Linux Firewalling in 2021 and a Gentle Introduction to NFTables Part II

Posted on Thu 28 October 2021 in Computing

Introduction

Following on from Part I, let's look at an example ruleset I built recently and walk through it.

As you can see it's a simple set opening just three ports but setting up some counters for all inbound DNS traffic, rate-limiting it, counting requests that exceed the rate-limit (we'll call those flooded) and logging flood traffic but rate-limiting that too so we don't DoS ourself with log traffic.

Reference Ruleset

flush ruleset

# ipv4 only firewall / table
table ip main {

    # Base input table - drop by default
    chain inbound {
        type filter hook input priority 0; policy drop;

        # Allow traffic from established and related packets, drop invalid
        ct state vmap { established : accept, related : accept, invalid : drop }

        # Allow loopback traffic
        meta iifname lo accept

        # Allow ssh, http (for letsencrypt) and 853 for DoT
        tcp dport ssh accept
        tcp dport http accept
        tcp dport 853 jump inbound_dns
    }

    # Base outchain chain.  Not required as default is accept
    chain outbound {
        type filter hook output priority 0; policy accept;
    }

    # Base forward chain - drop by default
    chain forward {
        type filter hook forward priority 0; policy drop;
    }

    # Regular chain for limiting, counting and logging DNS traffic
    chain inbound_dns {
        counter name counter_all_dns_packets
        ct state new add @rate_meter_inbound_dns { ip saddr limit rate 30/minute burst 10 packets } accept
        counter name counter_flooded_dns_packets
        limit rate 6/minute log prefix "[nftables dns flood]"
    }

    # Counters and Maps
    counter counter_all_dns_packets {
    }

    counter counter_flooded_dns_packets {
    }

    set rate_meter_inbound_dns {
        type ipv4_addr
        flags dynamic
        timeout 10m
    }
}

Walkthrough

flush ruleset

Flush any existing rules first.

Tables

table ip main {

Tables are namespaces or containers for chains and chains are containers for rules. Multiple tables can be used if necessary.

Here we define a new table with the arbitrary name "main". ip defines a table containing rules for IPv4 traffic. Possible values are ip, ip6, inet, arp, bridge, netdev (inet captures both IPv4 and IPv6 traffic)

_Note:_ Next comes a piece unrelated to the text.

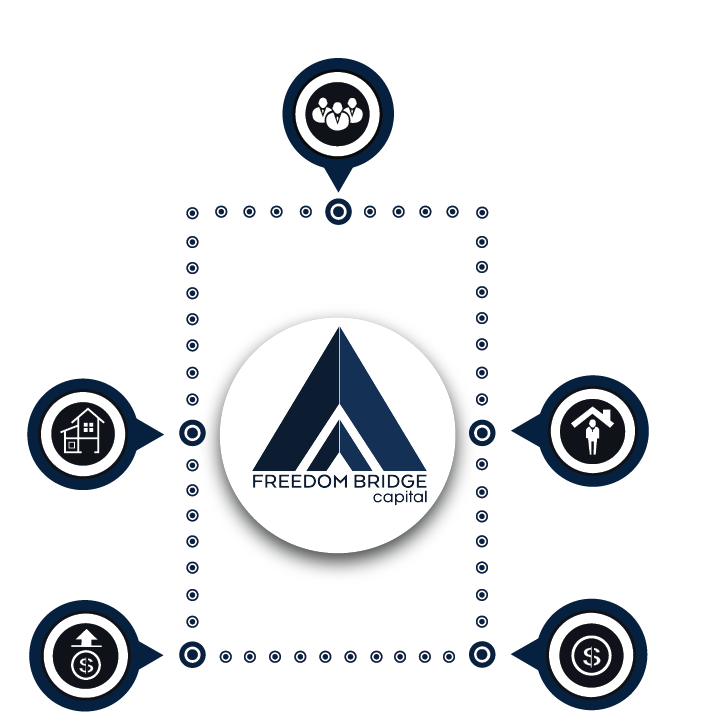 Deferred Sales Trust Process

So, now we have a table, let's add some chains to it.

Chains

chain inbound {
    type filter hook input priority 0; policy drop;

Here we create a "Base Chain" with the arbitrary name "inbound". Base chains (as opposed to "regular" chains) have a type, a hook and a priority.

The type can be either filter, route or nat. We want to filter IP traffic so the filter type is used accordingly.

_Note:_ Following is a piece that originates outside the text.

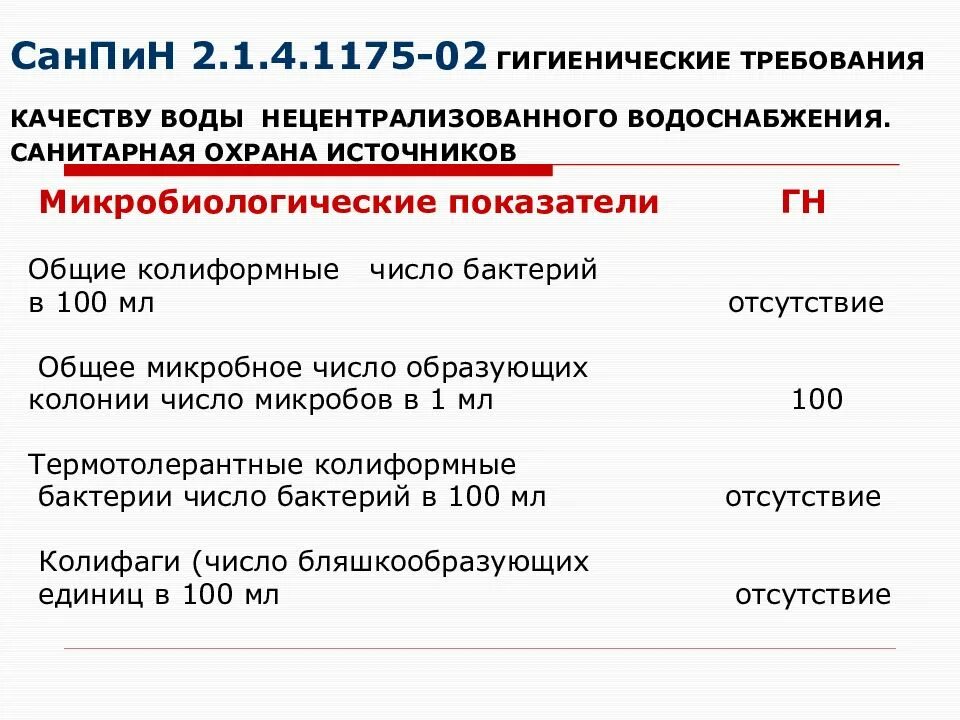 Качество воды нецентрализованного водоснабжения. САНПИН вода нецентрализованного водоснабжения. САНПИН 2.1.4.1175-02. Требования к качеству воды нецентрализованного водоснабжения. Показатели качества воды нецентрализованного водоснабжения.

The hook will be familiar to users of iptables as this is one place where they are the same (as they are both part of netfilter). The hooks for IPv4 and IPv6 are prerouting, input, forward, output, postrouting

The priority is a signed integer (so negative values are allowed) e.g. 10, -100.

Rules

As iptables, we define rules within chains.

A rule consists of something to match written as an expression and a action statement to perform upon it.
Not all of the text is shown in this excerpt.